Problem to work on: Where the string "from" appears in a line of the data, show that line.

[Entries supplied Boundary: Start]

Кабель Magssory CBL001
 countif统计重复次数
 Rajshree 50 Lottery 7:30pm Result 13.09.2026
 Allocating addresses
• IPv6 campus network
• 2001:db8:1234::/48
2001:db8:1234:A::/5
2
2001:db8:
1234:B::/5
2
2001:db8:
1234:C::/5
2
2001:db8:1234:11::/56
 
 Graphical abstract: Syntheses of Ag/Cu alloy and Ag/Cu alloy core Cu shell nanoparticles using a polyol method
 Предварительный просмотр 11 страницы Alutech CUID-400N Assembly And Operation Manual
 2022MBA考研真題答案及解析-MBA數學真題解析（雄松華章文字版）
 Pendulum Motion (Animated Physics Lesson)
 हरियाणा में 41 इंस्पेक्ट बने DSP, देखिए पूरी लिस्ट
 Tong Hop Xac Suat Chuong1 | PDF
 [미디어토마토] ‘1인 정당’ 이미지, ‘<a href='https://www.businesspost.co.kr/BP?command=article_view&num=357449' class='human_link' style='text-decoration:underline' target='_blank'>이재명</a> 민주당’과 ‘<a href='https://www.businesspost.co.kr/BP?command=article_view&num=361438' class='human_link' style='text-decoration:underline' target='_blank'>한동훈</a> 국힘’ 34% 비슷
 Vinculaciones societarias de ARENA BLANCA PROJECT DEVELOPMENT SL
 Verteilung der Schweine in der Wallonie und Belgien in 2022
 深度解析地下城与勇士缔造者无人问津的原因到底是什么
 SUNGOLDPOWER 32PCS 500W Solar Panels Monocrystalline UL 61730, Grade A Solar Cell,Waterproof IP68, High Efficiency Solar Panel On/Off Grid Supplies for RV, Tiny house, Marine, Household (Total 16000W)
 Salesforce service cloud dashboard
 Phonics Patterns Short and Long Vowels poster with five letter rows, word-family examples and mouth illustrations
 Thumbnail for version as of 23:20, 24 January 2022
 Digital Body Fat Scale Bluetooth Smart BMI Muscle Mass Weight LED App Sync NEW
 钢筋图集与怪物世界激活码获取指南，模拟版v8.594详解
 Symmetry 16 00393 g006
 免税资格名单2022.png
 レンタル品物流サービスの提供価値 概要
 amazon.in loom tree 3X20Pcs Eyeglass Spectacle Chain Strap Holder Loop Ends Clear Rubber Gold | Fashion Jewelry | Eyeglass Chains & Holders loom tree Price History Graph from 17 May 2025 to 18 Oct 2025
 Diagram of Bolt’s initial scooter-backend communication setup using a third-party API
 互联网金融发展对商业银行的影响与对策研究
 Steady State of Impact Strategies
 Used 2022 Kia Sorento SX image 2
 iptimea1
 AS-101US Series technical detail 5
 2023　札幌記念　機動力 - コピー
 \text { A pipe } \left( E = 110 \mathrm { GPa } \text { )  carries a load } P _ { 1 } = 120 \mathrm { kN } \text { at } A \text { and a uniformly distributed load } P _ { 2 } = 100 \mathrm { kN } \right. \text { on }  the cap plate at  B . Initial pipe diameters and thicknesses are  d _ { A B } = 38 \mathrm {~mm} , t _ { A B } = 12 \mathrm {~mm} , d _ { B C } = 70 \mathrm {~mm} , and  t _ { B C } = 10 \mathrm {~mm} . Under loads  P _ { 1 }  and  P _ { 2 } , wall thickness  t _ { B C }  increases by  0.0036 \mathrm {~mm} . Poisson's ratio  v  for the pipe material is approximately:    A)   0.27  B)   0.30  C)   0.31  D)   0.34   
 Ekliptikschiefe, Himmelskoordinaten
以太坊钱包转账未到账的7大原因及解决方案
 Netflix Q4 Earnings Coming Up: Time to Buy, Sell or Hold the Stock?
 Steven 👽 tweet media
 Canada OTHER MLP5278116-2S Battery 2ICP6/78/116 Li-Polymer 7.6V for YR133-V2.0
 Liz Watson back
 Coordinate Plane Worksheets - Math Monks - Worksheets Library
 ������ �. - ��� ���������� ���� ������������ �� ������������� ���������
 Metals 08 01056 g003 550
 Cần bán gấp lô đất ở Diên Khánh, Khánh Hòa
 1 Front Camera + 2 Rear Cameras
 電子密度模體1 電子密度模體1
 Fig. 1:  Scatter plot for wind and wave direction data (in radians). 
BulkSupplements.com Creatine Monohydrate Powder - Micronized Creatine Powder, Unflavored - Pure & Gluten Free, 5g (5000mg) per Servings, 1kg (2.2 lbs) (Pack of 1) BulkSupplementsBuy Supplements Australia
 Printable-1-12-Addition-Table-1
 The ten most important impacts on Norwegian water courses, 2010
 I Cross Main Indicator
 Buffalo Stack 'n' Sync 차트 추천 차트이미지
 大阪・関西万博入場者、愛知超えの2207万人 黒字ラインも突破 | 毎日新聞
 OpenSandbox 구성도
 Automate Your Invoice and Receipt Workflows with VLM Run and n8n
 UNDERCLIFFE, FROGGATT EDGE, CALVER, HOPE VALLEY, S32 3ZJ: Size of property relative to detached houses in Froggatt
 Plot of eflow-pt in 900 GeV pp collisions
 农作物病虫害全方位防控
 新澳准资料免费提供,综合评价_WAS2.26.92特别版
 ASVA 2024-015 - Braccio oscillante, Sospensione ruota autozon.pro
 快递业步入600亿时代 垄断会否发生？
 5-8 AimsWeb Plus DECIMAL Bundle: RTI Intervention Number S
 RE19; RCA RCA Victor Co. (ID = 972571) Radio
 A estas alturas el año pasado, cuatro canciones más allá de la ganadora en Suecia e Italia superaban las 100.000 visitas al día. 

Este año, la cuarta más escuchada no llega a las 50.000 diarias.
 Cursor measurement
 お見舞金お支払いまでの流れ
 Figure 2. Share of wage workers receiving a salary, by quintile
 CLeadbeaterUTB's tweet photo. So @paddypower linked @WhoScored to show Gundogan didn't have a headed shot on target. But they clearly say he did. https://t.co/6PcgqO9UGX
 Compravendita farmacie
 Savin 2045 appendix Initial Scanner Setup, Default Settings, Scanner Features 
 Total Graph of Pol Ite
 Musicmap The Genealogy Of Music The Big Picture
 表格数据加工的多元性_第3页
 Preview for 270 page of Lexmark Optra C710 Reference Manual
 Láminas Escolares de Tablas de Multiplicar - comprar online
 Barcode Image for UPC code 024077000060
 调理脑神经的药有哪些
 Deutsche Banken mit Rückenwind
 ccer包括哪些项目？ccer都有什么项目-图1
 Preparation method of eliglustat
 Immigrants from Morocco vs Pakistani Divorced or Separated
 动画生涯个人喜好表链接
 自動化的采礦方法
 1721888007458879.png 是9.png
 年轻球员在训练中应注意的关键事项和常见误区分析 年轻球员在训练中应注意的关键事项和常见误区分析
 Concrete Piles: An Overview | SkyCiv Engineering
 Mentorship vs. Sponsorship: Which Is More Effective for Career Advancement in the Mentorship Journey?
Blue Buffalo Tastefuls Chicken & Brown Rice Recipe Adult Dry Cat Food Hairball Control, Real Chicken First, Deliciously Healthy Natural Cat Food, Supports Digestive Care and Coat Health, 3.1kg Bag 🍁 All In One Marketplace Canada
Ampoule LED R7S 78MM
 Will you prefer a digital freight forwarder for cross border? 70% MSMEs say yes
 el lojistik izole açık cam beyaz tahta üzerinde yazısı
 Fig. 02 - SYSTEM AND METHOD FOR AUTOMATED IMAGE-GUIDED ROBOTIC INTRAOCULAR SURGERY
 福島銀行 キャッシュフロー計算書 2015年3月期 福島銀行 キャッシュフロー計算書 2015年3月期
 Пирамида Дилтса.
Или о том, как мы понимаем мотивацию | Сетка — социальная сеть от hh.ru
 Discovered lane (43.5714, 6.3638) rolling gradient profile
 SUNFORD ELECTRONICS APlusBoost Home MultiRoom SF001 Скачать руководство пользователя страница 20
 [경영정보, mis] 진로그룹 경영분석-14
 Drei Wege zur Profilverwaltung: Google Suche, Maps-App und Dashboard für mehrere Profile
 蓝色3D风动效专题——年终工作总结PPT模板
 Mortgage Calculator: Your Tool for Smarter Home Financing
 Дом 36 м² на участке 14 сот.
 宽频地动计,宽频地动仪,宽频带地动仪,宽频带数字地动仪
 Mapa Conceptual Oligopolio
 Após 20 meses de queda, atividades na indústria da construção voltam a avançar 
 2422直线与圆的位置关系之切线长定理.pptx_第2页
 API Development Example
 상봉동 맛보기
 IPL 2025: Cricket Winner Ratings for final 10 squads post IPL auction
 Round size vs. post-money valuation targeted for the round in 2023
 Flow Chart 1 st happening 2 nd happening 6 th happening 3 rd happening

[Entries supplied Boundary: End]

Result of the exercise:
 amazon.in loom tree 3X20Pcs Eyeglass Spectacle Chain Strap Holder Loop Ends Clear Rubber Gold | Fashion Jewelry | Eyeglass Chains & Holders loom tree Price History Graph from 17 May 2025 to 18 Oct 2025
 Immigrants from Morocco vs Pakistani Divorced or Separated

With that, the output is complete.